- **Exercise prompt**
Only the pictures should be dropped; every line of the data must come back exactly as written.

- **Recorded information**
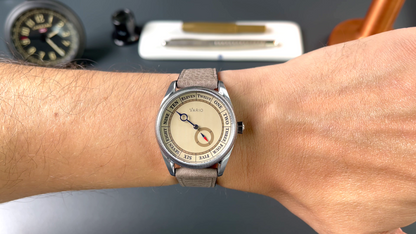 Vario NAVI Single Hand Sand Beige Small Seconds Compass 38 mm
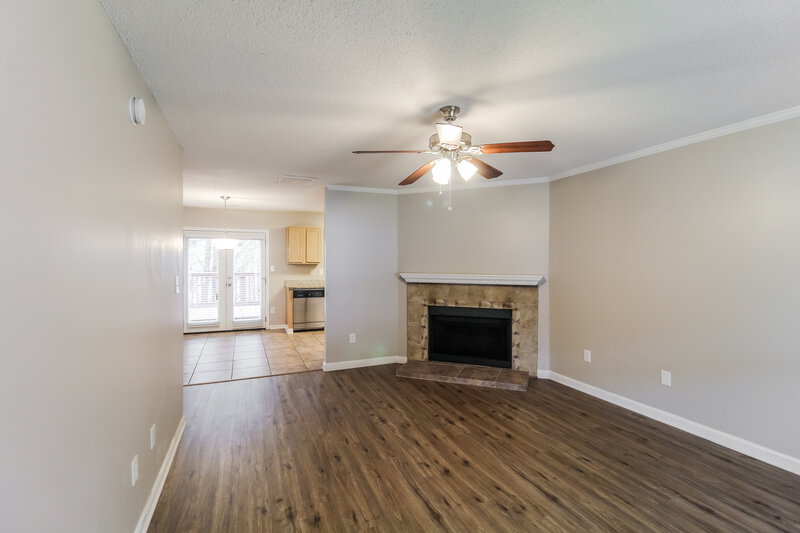 1,920/Mo, 7152 Ravenwood Ln Lithonia, GA 30038 Living Room View 2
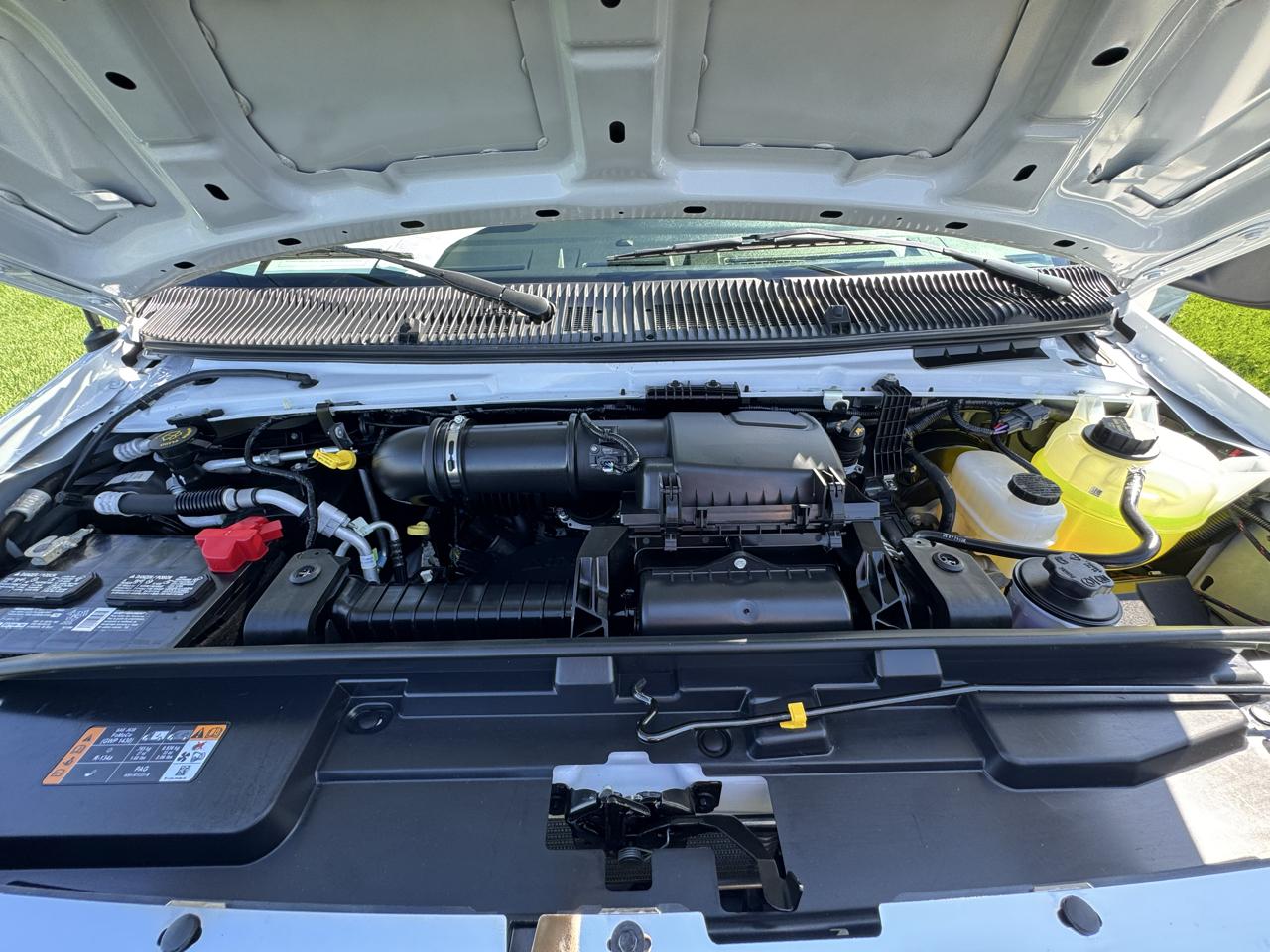 Ford E-Series Cutaway E-350 SRW 138" WB 2025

- **Result**
 Vario NAVI Single Hand Sand Beige Small Seconds Compass 38 mm
 1,920/Mo, 7152 Ravenwood Ln Lithonia, GA 30038 Living Room View 2
 Ford E-Series Cutaway E-350 SRW 138" WB 2025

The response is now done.